[Exercise directions]
Copy the data exactly from the line that contains "Nike Air Jordan" through the line that contains "Sanctuary House Resort", keeping both end lines and leaving out everything else.
** Input data follows **
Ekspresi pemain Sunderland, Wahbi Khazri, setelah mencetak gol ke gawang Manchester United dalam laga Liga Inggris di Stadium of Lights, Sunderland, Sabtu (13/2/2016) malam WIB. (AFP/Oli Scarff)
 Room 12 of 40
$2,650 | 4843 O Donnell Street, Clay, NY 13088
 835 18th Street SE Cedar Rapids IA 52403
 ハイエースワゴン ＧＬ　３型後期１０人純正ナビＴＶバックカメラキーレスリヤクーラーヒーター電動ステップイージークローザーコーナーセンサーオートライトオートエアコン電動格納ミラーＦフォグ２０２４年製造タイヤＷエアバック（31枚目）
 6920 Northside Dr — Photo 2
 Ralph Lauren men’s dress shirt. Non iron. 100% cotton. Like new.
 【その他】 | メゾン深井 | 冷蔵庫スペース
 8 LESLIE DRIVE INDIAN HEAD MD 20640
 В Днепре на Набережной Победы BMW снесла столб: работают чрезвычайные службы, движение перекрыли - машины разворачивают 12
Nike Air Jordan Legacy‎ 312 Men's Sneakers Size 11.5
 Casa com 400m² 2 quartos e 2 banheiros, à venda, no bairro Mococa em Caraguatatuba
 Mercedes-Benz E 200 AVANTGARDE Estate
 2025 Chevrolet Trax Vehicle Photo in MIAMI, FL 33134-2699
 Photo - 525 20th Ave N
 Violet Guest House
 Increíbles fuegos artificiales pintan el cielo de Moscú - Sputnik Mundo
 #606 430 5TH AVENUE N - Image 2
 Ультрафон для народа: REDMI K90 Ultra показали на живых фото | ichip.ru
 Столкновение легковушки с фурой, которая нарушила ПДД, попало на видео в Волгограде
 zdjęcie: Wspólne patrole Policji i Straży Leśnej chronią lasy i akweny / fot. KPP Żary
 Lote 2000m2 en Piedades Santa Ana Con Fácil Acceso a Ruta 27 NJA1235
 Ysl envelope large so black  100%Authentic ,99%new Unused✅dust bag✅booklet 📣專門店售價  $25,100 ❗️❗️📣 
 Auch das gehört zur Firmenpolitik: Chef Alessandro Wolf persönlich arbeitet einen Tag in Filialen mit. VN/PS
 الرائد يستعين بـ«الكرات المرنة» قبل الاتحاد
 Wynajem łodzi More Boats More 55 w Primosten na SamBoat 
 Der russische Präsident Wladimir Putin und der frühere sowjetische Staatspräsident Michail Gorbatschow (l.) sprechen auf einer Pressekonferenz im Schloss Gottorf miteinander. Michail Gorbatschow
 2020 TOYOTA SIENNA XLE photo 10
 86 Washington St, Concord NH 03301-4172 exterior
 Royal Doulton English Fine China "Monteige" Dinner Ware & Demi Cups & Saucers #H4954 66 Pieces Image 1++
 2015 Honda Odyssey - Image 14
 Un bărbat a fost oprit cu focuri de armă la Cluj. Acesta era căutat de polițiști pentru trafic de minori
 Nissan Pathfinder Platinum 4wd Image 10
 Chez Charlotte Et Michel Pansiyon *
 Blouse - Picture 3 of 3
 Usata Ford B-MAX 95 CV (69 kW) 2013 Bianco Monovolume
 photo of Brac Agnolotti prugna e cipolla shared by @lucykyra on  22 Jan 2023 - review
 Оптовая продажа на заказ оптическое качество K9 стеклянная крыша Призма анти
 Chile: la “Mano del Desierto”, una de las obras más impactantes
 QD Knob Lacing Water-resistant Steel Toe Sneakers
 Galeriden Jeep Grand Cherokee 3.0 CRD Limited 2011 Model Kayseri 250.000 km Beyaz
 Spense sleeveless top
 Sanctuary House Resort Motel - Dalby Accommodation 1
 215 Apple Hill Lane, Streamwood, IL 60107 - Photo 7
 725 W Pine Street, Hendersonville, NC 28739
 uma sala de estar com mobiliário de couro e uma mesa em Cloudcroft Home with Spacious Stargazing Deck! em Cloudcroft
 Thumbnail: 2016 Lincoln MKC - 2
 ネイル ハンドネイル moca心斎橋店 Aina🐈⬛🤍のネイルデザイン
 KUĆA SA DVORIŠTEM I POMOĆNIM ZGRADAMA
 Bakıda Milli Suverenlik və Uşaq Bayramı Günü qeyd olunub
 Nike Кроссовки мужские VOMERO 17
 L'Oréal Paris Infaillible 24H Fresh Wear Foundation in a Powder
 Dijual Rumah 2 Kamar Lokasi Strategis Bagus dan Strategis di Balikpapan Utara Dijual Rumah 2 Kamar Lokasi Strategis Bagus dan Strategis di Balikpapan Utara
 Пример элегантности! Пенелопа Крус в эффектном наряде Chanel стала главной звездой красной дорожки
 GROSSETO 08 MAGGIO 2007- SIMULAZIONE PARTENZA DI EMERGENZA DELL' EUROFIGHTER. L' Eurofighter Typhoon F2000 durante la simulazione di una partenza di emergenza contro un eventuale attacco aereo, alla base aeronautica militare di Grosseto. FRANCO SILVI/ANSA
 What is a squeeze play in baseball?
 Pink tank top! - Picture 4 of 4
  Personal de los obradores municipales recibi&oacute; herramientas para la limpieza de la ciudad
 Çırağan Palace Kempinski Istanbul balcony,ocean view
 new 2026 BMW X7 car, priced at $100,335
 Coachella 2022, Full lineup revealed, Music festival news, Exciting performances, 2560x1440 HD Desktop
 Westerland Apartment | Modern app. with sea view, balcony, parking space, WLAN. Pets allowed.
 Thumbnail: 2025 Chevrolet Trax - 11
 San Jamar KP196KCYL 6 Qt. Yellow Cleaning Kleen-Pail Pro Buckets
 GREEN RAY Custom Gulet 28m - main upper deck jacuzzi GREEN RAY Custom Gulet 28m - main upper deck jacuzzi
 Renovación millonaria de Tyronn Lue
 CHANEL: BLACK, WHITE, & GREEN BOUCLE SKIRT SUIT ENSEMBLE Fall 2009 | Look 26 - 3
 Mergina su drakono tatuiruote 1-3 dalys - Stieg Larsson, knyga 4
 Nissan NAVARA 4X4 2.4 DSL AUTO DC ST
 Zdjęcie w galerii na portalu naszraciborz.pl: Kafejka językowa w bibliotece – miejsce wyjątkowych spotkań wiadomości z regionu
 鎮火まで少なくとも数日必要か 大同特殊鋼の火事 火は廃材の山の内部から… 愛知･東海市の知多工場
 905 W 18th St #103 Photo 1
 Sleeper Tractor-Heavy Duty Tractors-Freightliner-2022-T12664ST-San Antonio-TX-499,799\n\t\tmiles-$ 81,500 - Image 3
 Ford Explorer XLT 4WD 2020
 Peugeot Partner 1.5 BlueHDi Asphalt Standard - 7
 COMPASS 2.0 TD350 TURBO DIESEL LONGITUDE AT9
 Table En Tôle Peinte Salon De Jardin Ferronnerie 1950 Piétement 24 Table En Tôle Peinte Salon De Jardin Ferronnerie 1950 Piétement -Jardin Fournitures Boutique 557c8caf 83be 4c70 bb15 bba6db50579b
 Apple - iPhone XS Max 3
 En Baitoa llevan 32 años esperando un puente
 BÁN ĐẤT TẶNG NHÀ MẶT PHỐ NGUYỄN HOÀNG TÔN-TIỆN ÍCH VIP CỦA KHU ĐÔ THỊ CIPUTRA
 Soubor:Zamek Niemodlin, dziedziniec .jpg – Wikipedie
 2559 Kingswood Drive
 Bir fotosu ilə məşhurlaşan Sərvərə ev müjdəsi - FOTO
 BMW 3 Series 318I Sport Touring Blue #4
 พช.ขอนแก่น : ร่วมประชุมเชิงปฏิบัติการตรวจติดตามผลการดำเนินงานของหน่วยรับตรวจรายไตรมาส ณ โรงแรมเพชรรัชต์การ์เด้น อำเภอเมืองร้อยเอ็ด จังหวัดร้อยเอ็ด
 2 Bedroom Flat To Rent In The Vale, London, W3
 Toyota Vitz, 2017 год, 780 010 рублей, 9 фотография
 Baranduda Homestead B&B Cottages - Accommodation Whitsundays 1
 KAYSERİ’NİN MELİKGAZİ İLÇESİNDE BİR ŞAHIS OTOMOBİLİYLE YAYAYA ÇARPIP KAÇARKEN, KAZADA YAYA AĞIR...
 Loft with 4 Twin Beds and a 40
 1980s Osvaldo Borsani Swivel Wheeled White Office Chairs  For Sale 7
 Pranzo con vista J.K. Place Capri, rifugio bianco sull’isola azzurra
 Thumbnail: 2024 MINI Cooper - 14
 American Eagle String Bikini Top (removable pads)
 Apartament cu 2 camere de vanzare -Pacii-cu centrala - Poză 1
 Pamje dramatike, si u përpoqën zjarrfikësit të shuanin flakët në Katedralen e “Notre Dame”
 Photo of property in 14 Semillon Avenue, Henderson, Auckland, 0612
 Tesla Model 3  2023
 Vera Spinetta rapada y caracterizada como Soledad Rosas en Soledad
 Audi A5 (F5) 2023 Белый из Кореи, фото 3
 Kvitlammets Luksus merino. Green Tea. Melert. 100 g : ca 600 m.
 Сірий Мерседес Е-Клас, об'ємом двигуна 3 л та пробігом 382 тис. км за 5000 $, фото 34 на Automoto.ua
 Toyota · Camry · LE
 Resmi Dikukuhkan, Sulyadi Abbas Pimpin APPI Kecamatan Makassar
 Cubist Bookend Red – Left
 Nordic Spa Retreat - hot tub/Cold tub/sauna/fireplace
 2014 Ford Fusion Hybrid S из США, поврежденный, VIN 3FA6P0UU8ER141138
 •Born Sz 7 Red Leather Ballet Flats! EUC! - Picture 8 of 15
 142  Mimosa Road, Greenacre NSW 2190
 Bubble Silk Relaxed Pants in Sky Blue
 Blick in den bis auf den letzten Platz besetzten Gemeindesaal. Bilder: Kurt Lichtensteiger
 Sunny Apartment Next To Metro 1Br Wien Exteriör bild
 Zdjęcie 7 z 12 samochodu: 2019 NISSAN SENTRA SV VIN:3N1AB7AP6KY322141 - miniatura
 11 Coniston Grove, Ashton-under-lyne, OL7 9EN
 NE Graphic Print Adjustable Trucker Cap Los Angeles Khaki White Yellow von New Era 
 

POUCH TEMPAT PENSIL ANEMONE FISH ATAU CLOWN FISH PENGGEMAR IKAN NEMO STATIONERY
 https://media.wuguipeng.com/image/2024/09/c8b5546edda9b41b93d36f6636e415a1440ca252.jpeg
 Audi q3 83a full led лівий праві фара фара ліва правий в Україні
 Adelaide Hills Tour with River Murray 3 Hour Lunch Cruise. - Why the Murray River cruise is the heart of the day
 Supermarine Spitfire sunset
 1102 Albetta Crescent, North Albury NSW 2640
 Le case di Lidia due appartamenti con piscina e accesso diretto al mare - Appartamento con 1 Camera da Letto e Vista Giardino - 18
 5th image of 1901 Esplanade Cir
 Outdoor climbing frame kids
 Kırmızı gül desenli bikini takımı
** End of Input data **
[Completed exercise]
Nike Air Jordan Legacy‎ 312 Men's Sneakers Size 11.5
 Casa com 400m² 2 quartos e 2 banheiros, à venda, no bairro Mococa em Caraguatatuba
 Mercedes-Benz E 200 AVANTGARDE Estate
 2025 Chevrolet Trax Vehicle Photo in MIAMI, FL 33134-2699
 Photo - 525 20th Ave N
 Violet Guest House
 Increíbles fuegos artificiales pintan el cielo de Moscú - Sputnik Mundo
 #606 430 5TH AVENUE N - Image 2
 Ультрафон для народа: REDMI K90 Ultra показали на живых фото | ichip.ru
 Столкновение легковушки с фурой, которая нарушила ПДД, попало на видео в Волгограде
 zdjęcie: Wspólne patrole Policji i Straży Leśnej chronią lasy i akweny / fot. KPP Żary
 Lote 2000m2 en Piedades Santa Ana Con Fácil Acceso a Ruta 27 NJA1235
 Ysl envelope large so black  100%Authentic ,99%new Unused✅dust bag✅booklet 📣專門店售價  $25,100 ❗️❗️📣 
 Auch das gehört zur Firmenpolitik: Chef Alessandro Wolf persönlich arbeitet einen Tag in Filialen mit. VN/PS
 الرائد يستعين بـ«الكرات المرنة» قبل الاتحاد
 Wynajem łodzi More Boats More 55 w Primosten na SamBoat 
 Der russische Präsident Wladimir Putin und der frühere sowjetische Staatspräsident Michail Gorbatschow (l.) sprechen auf einer Pressekonferenz im Schloss Gottorf miteinander. Michail Gorbatschow
 2020 TOYOTA SIENNA XLE photo 10
 86 Washington St, Concord NH 03301-4172 exterior
 Royal Doulton English Fine China "Monteige" Dinner Ware & Demi Cups & Saucers #H4954 66 Pieces Image 1++
 2015 Honda Odyssey - Image 14
 Un bărbat a fost oprit cu focuri de armă la Cluj. Acesta era căutat de polițiști pentru trafic de minori
 Nissan Pathfinder Platinum 4wd Image 10
 Chez Charlotte Et Michel Pansiyon *
 Blouse - Picture 3 of 3
 Usata Ford B-MAX 95 CV (69 kW) 2013 Bianco Monovolume
 photo of Brac Agnolotti prugna e cipolla shared by @lucykyra on  22 Jan 2023 - review
 Оптовая продажа на заказ оптическое качество K9 стеклянная крыша Призма анти
 Chile: la “Mano del Desierto”, una de las obras más impactantes
 QD Knob Lacing Water-resistant Steel Toe Sneakers
 Galeriden Jeep Grand Cherokee 3.0 CRD Limited 2011 Model Kayseri 250.000 km Beyaz
 Spense sleeveless top
 Sanctuary House Resort Motel - Dalby Accommodation 1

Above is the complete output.